If I remember correctly, mine had insulation all around the hood except where the "bump" is (tripower area). It became nasty, dirty, dusty and it was removed. ??


----------



## Darth (Apr 30, 2011)

All of the pics I’ve ever seen always show a full fireblanket, or insulation on the entire hood for 65’ models. I won’t say for 100% that its correct, but I believe it is. As an owner of a 65’, they were always my favorite. I can remember going to a bigtime national show when I was a kid, cause Jim Wangers was one of the judges and I got to meet and shake his hand without really realizing who he was, only that he was an old guy who thought it was great that a young kid was so interested in all of these old Pontiacs.

Anyway, I digress. I remember this because in the “all original” or “un-modified” or something like that class, there was a 65’ with Ram Air. The guy had verifiable proof that the Ram Air was installed by the dealer so he was allowed to compete in that class. The cars even had bias ply radials. Anyway, I specifically remember this because I was asking my daddy to explain how Ram Air worked and when he did I pointed out the fireblanket on the hood and asked him if that wouldn’t block the air from being “rammed in”. He said it wouldn’t help it any, but it must be original cause the guy didn’t get dinged for it. If I recall he got dinged for something like improper handle ends on the window rollers. What ever those round plastic things on the ends of the handle are that you grab and turn to raise and lower the window. They were the wrong color. But he didn’t get dinged for the full fire blanket.

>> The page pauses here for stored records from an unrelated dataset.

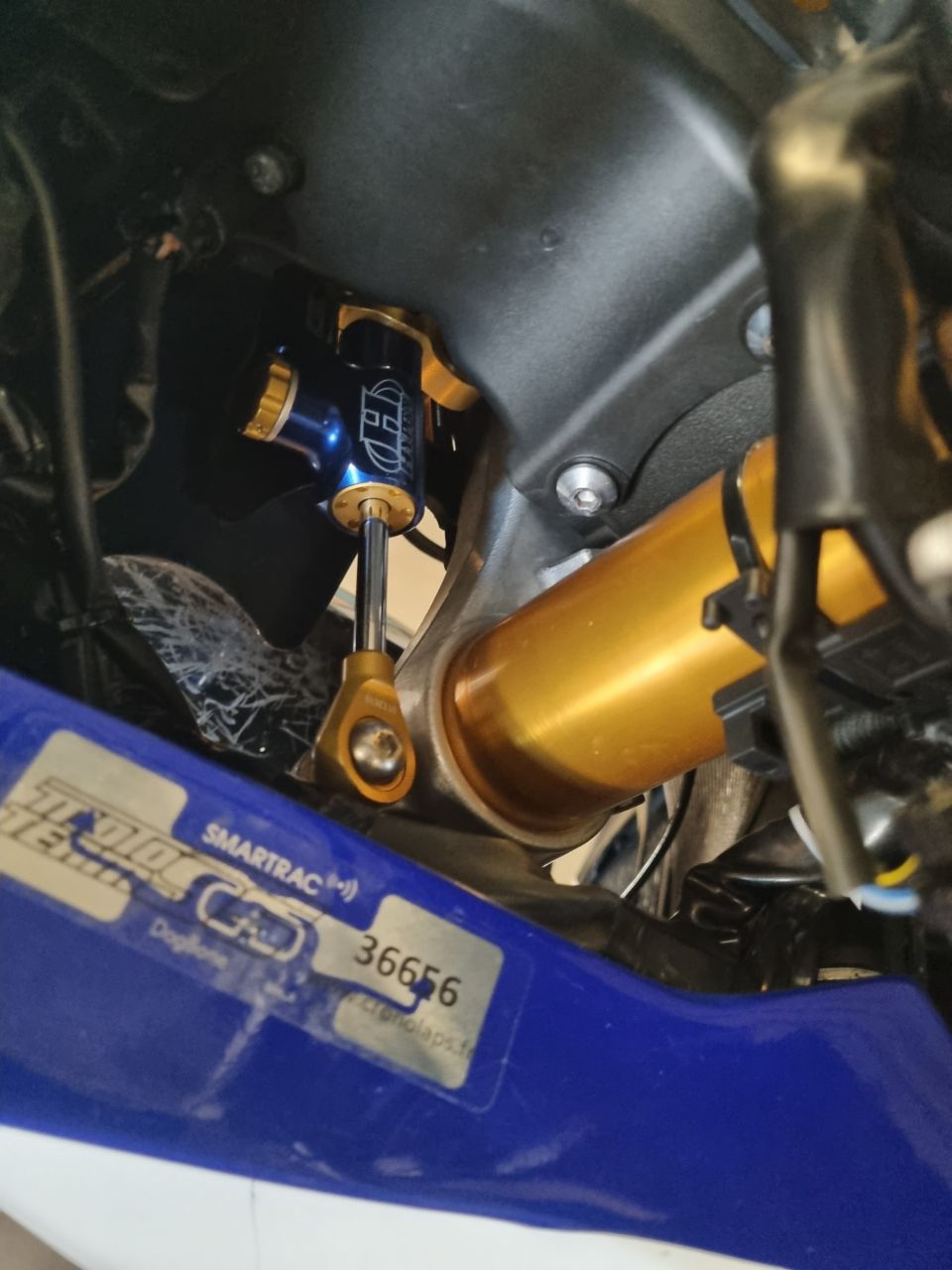 YAMAHA YZF 1000 R1 4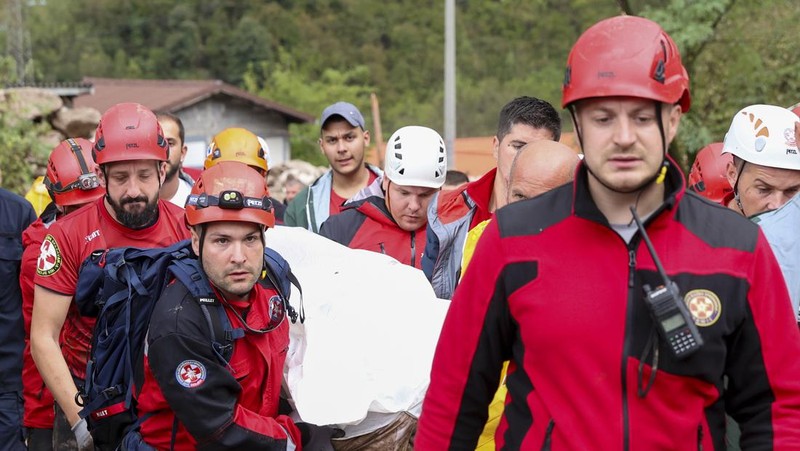 Tim pencarian dan penyelamatan mencari warga di rumah-rumah yang terendam banjir di Jablanica, Bosnia, Jumat, 4 Oktober 2024. (AP Photo/Armin Durgut)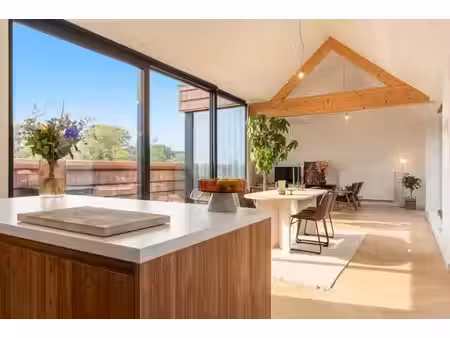 appartement exclusif 3 chambres avec patio et terrasse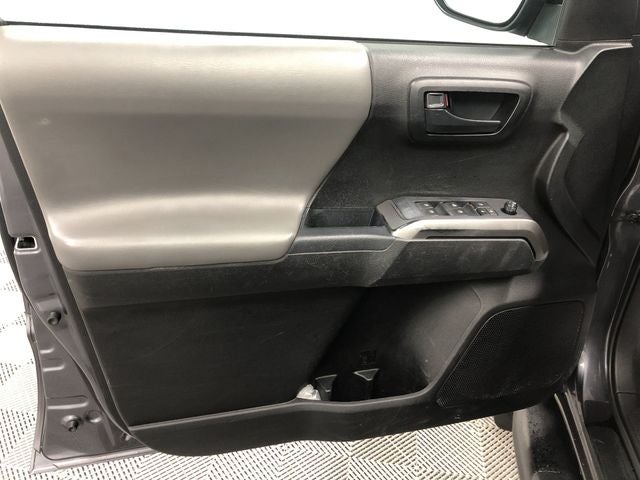 2021 Toyota TACOMA SR5 SR5 V6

Like I said, I’m not Paul Zazarine and I wasn’t even alive back then, but I remember that clearly.


----------



## geeteeohguy (Feb 2, 2008)

A ram air car would normally have the insulation removed to allow the hood scoop to function. My own tripower '65 has no insulating pad, and I've had it over 30 years. I've seen the pads on a lot of my former GTO's, and they tended to hold dirt and come loose and fall into the intake area. I don't really care for them. If I were dead set about running an insulator pad, I think I'd cut out the area that goes directly under the hood scoop to clear the carbs and to give them some breathing room. Not sure if this is factory correct, as I'm a "day two" guy.


----------



## Darth (Apr 30, 2011)

Yeah, even if it ain't correct I would remove it in the interest of performance especially if I was gonna hook up a ram air system. Unless you are going to the "all original class" it won't really matter. If you are then the "Period Police" or the "Gadget Gestapo" will come down on you. If you're drivin it for fun,who cares? My car has power disc brakes front and rear, PST suspension, adjustable coil over shocks, Be Cool Radiator, vintage air, engine mods from Butler Performance, original looking but iPod capable radio with a modern stereo (not mono) speaker, 12 bolt rear end instead of 10, an M-22 Rockcrusher 4 speed instead of the correct power glide...because I like all of those things on it and will never enter it in a Concours competition. I'm even thinking of putting a Ram Air set up on it. Yeah it's not right for a 65' 4 barrel, but the 4 barrel is a Q-Jet not a Carter AFB anyway. So whose to say if Darth was alive back then he wouldn't have found a way to put Ram Air on his 4 barrel car. BTW, my car doesn't have hood insulation on it.:seeya:


----------



## timmyg (Jan 2, 2012)

Im like you guys. I certainly do not have an all original car, but I do like the Hood Insulation as I think the engine compartment looks complete with Hood Insulation. Does anyone know if the "Molded hood insulation" would possibly fit tighter to the hood especially in the Air Cleaner area? I purchased and installed the "Non Molded" because it was quite a bit less expensive than the Molded. However if that would fit better and not rub the Air Cleaners, I would go ahead and purchase it now. If not, I believe I will cut out a rectangle area in the area of the Air Cleaners.


----------



## Rukee (Feb 8, 2007)

I was told many years ago that the hood insulation was to dampen the sound of the engine. I kinda like the sound of my engine so I never installed it.


----------